New algorithm could improve rare disease diagnosis


Tuesday, 02 October, 2018

New algorithm could improve rare disease diagnosis

Stanford scientists have developed an algorithm, called Phrank, that automates the most labour-intensive part of genetic diagnosis — that is matching a patient’s genetic sequence and symptoms to a disease described in the scientific literature.

Without computer help, this match-up process is said to take 20–40 hours per patient. The expert looks at a list of around 100 of the patient’s suspicious-looking mutations, makes an educated guess about which one might cause disease, checks the scientific literature, then moves on to the next one.

The algorithm developed Gill Bejerano, PhD, associate professor of developmental biology and of computer science at Stanford, and his colleagues is said to cut the time needed by 90%. Findings have been published in the journal Genetics in Medicine.

The algorithm’s name, Phrank — a mashup of “phenotype” and “rank” — hints at how it works. It compares a patient’s symptoms and gene data to a knowledge base of medical literature, generating a ranked list of which rare genetic diseases are most likely to be responsible for the symptoms. The clinician has a logical starting point for making a diagnosis, which can be confirmed with one to four hours of effort per case instead of 20–40 hours. The mathematical workings of Phrank aren’t tied to a specific database, which makes it much more flexible to use.

Phrank is also claimed to dramatically outperform earlier algorithms that have tried to do the same thing, according to the paper. Bejerano’s team validated Phrank on medical and genetic data from 169 patients, an important advance over earlier studies in the field. Prior studies had tested algorithms on made-up patients instead because real-patient data for this research is hard to come by.

“The problem is that this test [using synthetic patients] is just too easy,” Bejerano said. “Real patients don’t look exactly like a textbook description.” On data from real patients, one older algorithm ranked the patient’s true diagnosis 33rd, on average, on the list of potential diagnoses it generated; Phrank, on average, ranked the true diagnosis fourth.

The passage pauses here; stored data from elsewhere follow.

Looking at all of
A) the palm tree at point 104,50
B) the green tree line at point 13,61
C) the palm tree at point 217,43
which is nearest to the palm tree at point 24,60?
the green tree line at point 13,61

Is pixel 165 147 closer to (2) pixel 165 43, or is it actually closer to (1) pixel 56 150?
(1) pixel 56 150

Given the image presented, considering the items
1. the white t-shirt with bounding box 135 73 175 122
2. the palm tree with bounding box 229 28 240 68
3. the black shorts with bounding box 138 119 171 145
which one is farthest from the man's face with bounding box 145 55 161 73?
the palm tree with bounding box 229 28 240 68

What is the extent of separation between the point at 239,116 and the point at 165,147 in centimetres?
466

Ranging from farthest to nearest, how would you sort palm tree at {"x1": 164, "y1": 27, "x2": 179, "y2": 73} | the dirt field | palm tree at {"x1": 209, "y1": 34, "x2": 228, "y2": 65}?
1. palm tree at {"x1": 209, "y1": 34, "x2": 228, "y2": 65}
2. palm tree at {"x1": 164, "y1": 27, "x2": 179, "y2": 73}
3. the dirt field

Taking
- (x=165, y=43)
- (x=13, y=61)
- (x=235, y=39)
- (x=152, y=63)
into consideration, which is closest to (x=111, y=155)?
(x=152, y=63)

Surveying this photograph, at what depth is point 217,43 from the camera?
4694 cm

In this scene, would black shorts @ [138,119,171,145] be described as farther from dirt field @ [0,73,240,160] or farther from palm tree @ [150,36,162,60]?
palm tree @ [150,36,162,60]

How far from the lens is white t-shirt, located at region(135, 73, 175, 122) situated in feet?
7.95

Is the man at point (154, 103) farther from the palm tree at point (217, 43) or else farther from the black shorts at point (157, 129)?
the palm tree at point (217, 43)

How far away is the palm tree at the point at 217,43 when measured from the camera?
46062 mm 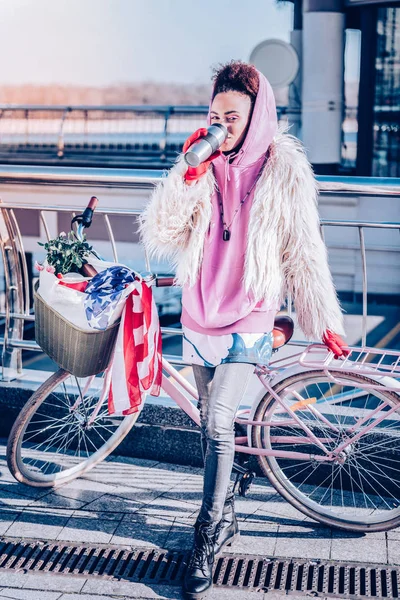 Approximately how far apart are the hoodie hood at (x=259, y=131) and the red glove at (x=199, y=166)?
12 centimetres

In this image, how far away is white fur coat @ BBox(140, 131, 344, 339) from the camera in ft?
9.32

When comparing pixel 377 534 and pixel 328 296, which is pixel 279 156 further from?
pixel 377 534

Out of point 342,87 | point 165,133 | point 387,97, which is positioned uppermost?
point 342,87

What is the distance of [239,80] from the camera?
9.18 ft

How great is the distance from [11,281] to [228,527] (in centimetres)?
186

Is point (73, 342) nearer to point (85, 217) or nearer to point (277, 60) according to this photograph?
point (85, 217)

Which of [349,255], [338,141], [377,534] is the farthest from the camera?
[338,141]

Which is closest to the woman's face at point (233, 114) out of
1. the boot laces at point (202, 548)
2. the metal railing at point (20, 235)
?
the metal railing at point (20, 235)

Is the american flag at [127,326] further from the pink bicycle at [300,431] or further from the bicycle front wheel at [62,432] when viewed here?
the bicycle front wheel at [62,432]


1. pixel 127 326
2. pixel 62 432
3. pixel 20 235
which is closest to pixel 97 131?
pixel 20 235

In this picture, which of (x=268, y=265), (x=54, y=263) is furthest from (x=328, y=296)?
(x=54, y=263)

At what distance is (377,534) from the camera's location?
11.1ft

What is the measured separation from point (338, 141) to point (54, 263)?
1031 cm

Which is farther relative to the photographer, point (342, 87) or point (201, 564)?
point (342, 87)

Phrank also holds potential for helping doctors identify new genetic diseases, Bejerano said. For example, if a patient’s symptoms can’t be matched to any known human diseases, the algorithm could check for clues in a broader knowledge base. “You might get the result that mouse experiments cause phenotypes similar to your patient, that you may have found the first human patient that suffers from this disease,” Bejerano said.

Ultimately, “nobody is going to replace a clinician making a diagnosis”, he said. But new technology could help experts use their time more efficiently, helping many more patients get diagnosed, he said.

The lead authors of the paper are graduate students Karthik Jagadeesh, MS, and Johannes Birgmeier, MS. Other Stanford co-authors are Jon Bernstein, MD, PhD, associate professor of pediatrics; undergraduate student Cole Deisseroth; and former graduate students Harendra Guturu, PhD, and Aaron Wenger, PhD. The work was funded by Stanford graduate fellowships, Stanford Bio-X, DARPA, the David and Lucile Packard Foundation and Microsoft. Stanford’s departments of Developmental Biology, of Computer Science and of Pediatrics also supported the work.